I've a question for an expert in how innodb indexes are structured (mysql 8.0.18)

Say I have 4 varchar columns on a table with one billion rows:

country, state, city, attraction

I have queries that look for all or certain attractions, either by country, state, city or attraction name.

query1: "select * from table where attraction like 'asd%' and country = 'X'"  
query2: "select * from table where attraction like 'asd%' and country = 'X' and state = 'Y' and city = 'Z'"    
query3: "select distinct attraction from table where country='X'"     
query4: "select distinct attraction from table where attraction like 'Ux%'



Combined index: (attraction, country, state, city)  

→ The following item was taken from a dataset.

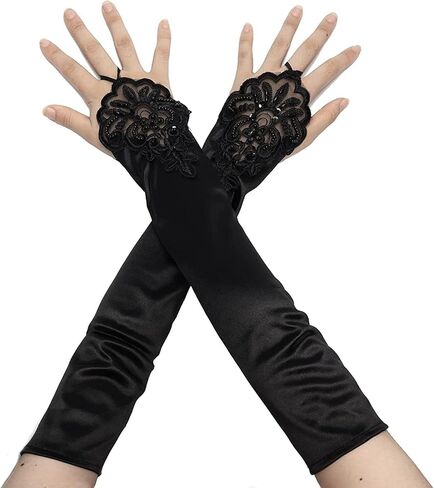 aoozleny 1920s Women Stretchy Fingerless Long Gloves Pierced Elbow Length Satin Hook Finger Gloves for Evening Party in Saudi Arabia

This index would cover all 4 queries.

Can I expect similar performance on query1,3,4 in comparison to a specialized index ?

Specialized index1:  (attraction, country)  
Specialized index2:  (attraction)  

I don't have the time to dive into the details of innodb storage, I hope someone did that already 😉

My main thoughts on this:

  1. More indexes will need more memory and storage (given a billion rows quite a bit), so that's a concern.

  2. If an index that's made for 4 columns is called on a query that only needs one (the first) column or on two (the first two) columns is the data access sequential and as effective as when having small dedicated indexes (that basically contain duplicate data)?

So should I have one index, covering the WHERE requirements of all 4 queries or 3 indexes, each dedicated to the query it serves ?

Best Answer

danblack's post answers the main question about the best index strategy for you queries.

However, I would add a sometimes forgotten optimization of the index strategy, which is implemented in most recent versions of RDBMs (MySQL, MariaDB, PostgreSQL...): covering indexes

Definition of covering index: (from MySQL documentation)

An index that includes all the columns retrieved by a query. Instead of using the index values as pointers to find the full table rows, the query returns values from the index structure, saving disk I/O

That means that your third query:

select distinct attraction from table where country='X'

would benefit more from a (country, attraction) index than a simple (country) index.